The study also confirmed what we’ve been hearing for a while now: “smartphones browse, but tablets buy.” Yes, it’s official. Tablets continue to win the mobile shopping war – driving 16 percent of online sales compared to 11.8 percent for smartphones, Tablet users also spend more when they shop, dropping $126.50 per order compared to $107.55 for smartphone users.
43.3 | The Percentage Increase PayPal Observed In Mobile Shopping During The Holiday Weekend
The shopping season is off to a strong start for PayPal, as the online payments pioneer reports a 56 percent increase in global mobile payment volume over last year. That also includes a 43 percent uptick in total mobile shoppers for Thanksgiving 2014.
Though a strong rate, it pales in comparison to the 91 percent uptick PayPal reported a year ago.
“I think it speaks to the widening of the holiday shopping net or the holiday creep,” PayPal’s head of global consumer initiatives, Pablo Rodriguez, told Venture Beat.
34.2 | The Percentage Of Mobile Traffic From iOS Over The Weekend
Apple’s iOS-based iPhone and iPad yielded way more activity than Android devices, more than 34 percent to Android’s just over 16 percent, with iOS accounting for about 25 percent of all sales. Android only 7 percent.
However, there is some good news in Android commerce-land.
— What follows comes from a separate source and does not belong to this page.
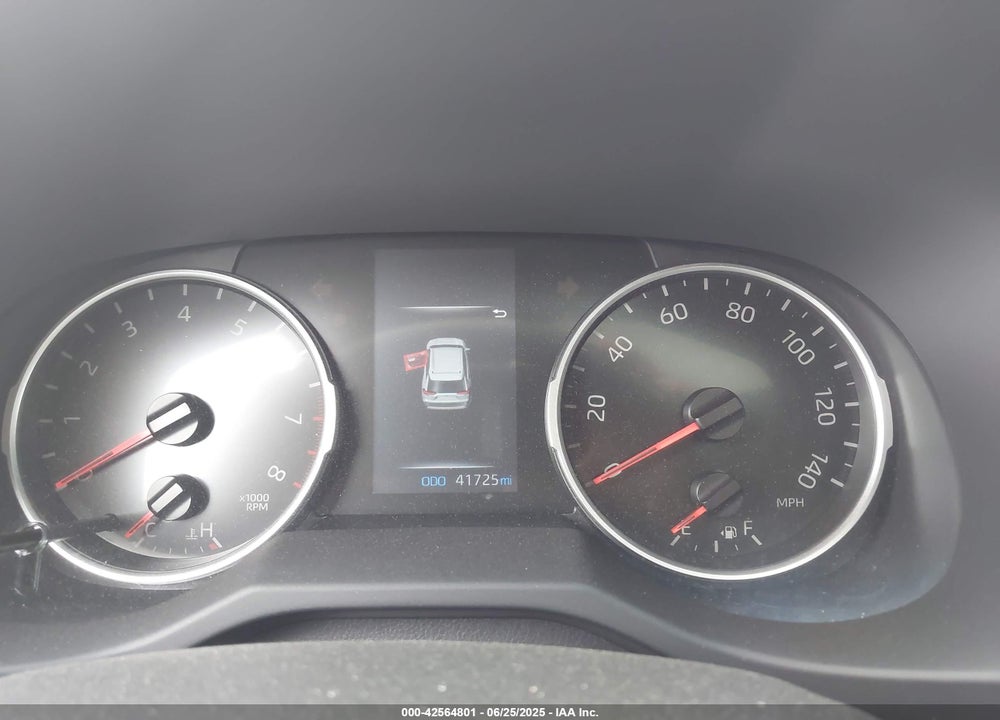 2022 TOYOTA RAV4 XLE VIN: 2T3W1RFV3NC181307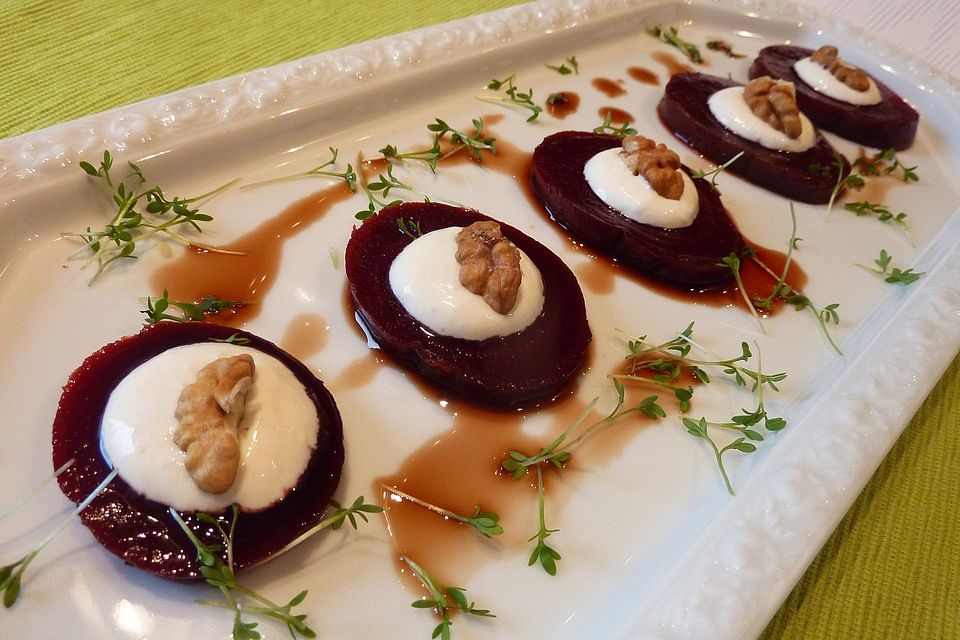 Rote Bete-Taler mit Meerrettichcreme und Walnüssen Rote Bete-Taler mit Meerrettichcreme und Walnüssen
Average spend on iPhones and iPads is roughly$118, only $23 more than the average spend on an Android.
17 | The Percentage More Consumers Spent On Desktops Over Mobile
Desktop computer sales may be giving way to tablets and smartphones, but according to IBM’s data, online shoppers spent more money using their personal computers than mobile devices on Thanksgiving and Black Friday. Online shoppers spent an average of $135.33 with their PCs on Thursday and Friday, versus $116.02 for those using tablets and smartphones.
“There’s a lot of fanfare around mobile, but desktops are still the workhorses of e-commerce,” says Jay Henderson, director of IBM Smarter Commerce. Desktops accounted for 51.4% of traffic on Black Friday. But for the first time ever, mobile traffic (52%) outpaced PCs on Thanksgiving, and Henderson expects Black Friday mobile traffic to finally overtake PCs next year.
2 | The Number Of Women Arrested In California For Fighting Over A Barbie Doll
Not much more to be said than that. Two women in California were arrested for disturbing the peace after reportedly brawling publicly over a Barbie Doll. Both women were detained and eventually arrested, though both were later released without charges being filed. It is unclear who eventually got the doll.